BRIEF DESCRIPTION OF THE DRAWINGS
[0030] FIG. 1 is a block diagram of a transmission line loss
compensation circuit according to an example of the present
invention.
[0031] FIG. 2 is a block diagram of a conventional transmission
line loss compensation circuit described in Non-Patent Document
1.
[0032] FIG. 3A is a waveform diagram of an ideal output signal in a
transmission line loss compensation circuit.
[0033] FIG. 3B is a waveform diagram of an ideal output signal of a
rectifier circuit in the transmission line loss compensation
circuit shown in FIG. 2.
[0034] FIG. 4A is a circuit diagram of a linear equalizer in an
example of the present invention.
[0035] FIG. 4B is a frequency response diagram of the linear
equalizer shown in FIG. 4A.
[0036] FIG. 5 is a block diagram of a peak detector in an example
of the present invention.
[0037] FIG. 6 is an operation timing chart of the peak detector
shown in FIG. 5.
[0038] FIG. 7 is a circuit diagram of a high frequency reference
level generating circuit in an example of the present
invention.
[0039] FIG. 8 is a variation of a peak detector that detects the
negative-side peak voltage of an input signal in an example of the
present invention.
[0040] FIG. 9 is an operation timing chart of the peak detector
shown in FIG. 8.
[0041] FIG. 10 is a circuit diagram of a high frequency reference
level generating circuit corresponding to the peak detector shown
in FIG. 8.
[0042] FIG. 11 is another variation of a peak detector that detects
the positive-side and the negative-side peak voltage of an input
signal in an example of the present invention.

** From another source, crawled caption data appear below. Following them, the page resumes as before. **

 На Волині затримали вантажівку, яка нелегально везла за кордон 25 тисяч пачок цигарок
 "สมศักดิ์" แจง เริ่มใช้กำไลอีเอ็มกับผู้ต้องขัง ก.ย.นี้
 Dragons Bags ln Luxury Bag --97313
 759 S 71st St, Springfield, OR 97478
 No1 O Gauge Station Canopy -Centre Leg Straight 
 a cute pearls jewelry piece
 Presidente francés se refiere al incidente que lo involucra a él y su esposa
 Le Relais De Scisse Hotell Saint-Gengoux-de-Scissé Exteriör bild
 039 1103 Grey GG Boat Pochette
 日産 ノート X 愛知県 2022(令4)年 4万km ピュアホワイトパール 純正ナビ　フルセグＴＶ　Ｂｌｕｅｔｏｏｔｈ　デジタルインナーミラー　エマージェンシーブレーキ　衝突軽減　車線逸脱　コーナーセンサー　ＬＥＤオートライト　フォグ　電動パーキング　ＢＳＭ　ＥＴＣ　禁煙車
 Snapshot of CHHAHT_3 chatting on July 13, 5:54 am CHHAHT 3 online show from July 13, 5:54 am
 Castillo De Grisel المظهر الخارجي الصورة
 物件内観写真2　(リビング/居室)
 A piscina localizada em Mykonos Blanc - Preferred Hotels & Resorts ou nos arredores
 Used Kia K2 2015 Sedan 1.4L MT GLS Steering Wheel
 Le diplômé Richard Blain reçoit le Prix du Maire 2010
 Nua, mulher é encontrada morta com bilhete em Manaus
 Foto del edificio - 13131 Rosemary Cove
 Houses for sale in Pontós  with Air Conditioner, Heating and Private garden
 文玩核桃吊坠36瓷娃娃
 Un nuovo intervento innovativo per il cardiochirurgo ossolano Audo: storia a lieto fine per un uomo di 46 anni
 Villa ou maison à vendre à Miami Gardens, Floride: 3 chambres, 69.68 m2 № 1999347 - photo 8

[0043] FIG. 12 is an operation timing chart of the peak detector
shown in FIG. 11.
[0044] FIG. 13 is a circuit diagram of a high frequency reference
level generating circuit corresponding to the peak detector shown
in FIG. 11.
[0045] FIG. 14 is a block diagram of a transmission loss
compensation circuit in a variation having differential signals as
its input/output signals in an example of the present
invention.
[0046] FIG. 15 is a block diagram of a differential peak detector
in the variation shown in FIG. 14.
[0047] FIG. 16 is a circuit diagram showing a configuration example
of a differential comparator in the differential peak detector
shown in FIG. 15.
[0048] FIG. 17 is an operation timing chart of the peak detector
shown in FIG. 15.
[0049] FIGS. 18A and 18B are block diagrams of a control circuit in
an example of the present invention.
[0050] FIG. 19 is a drawing showing how the state of the control
circuit in FIG. 18 changes.
[0051] FIG. 20 is a block diagram of a transmission line loss
compensation circuit according to another example of the present
invention.
[0052] FIG. 21A is a circuit diagram of a variable gain amplifier
in the transmission line loss compensation circuit shown in FIG.
20.
[0053] FIG. 21B is a frequency response diagram of the variable
gain amplifier shown in FIG. 21A.
[0054] FIG. 22 is a block diagram of a transmission line loss
compensation circuit according to yet another example of the
present invention.
[0055] FIG. 23 is a circuit diagram of a high frequency reference
level generating circuit and a low frequency reference level
generating circuit in the transmission line loss compensation
circuit shown in FIG. 22.
PREFERRED MODES
[0056] A preferred mode of the present invention will be described
with reference to the drawings as necessary. It should be noted
that drawings and symbols referred to in the description of the
preferred mode are used as examples of the mode, and variations of
the mode are not limited by these.
[0057] For instance, a transmission line loss compensation circuit
in a mode of the present invention has a linear equalizer 11 that
compensates for the transmission line loss of high frequency
components, a high-pass filter 12 that extracts high frequency
components from an output of the linear equalizer 11, a peak
detector 14 that compares a peak voltage of a high-pass filter
output Sac to first and second reference voltages (VTH0, VTH1), and
a control circuit 15 that controls the compensation intensity of
the linear equalizer 11 so that the peak voltage is an intermediate
voltage between the first and the second reference voltages (VTH0,
VTH1) based on the detection results of the peak detector 14, as
shown in FIGS. 1 and 14. Therefore, since the compensation
intensity of the linear equalizer is controlled so that the peak
voltage of high frequency components is an intermediate voltage
between the first and the second reference voltages, using the
first and the second reference voltages, the compensation intensity
can be adjusted when the transmission environment changes and the
peak voltage goes out of the range between the first and the second
reference voltages, and a stable state can be maintained when there
is no change in the transmission environment.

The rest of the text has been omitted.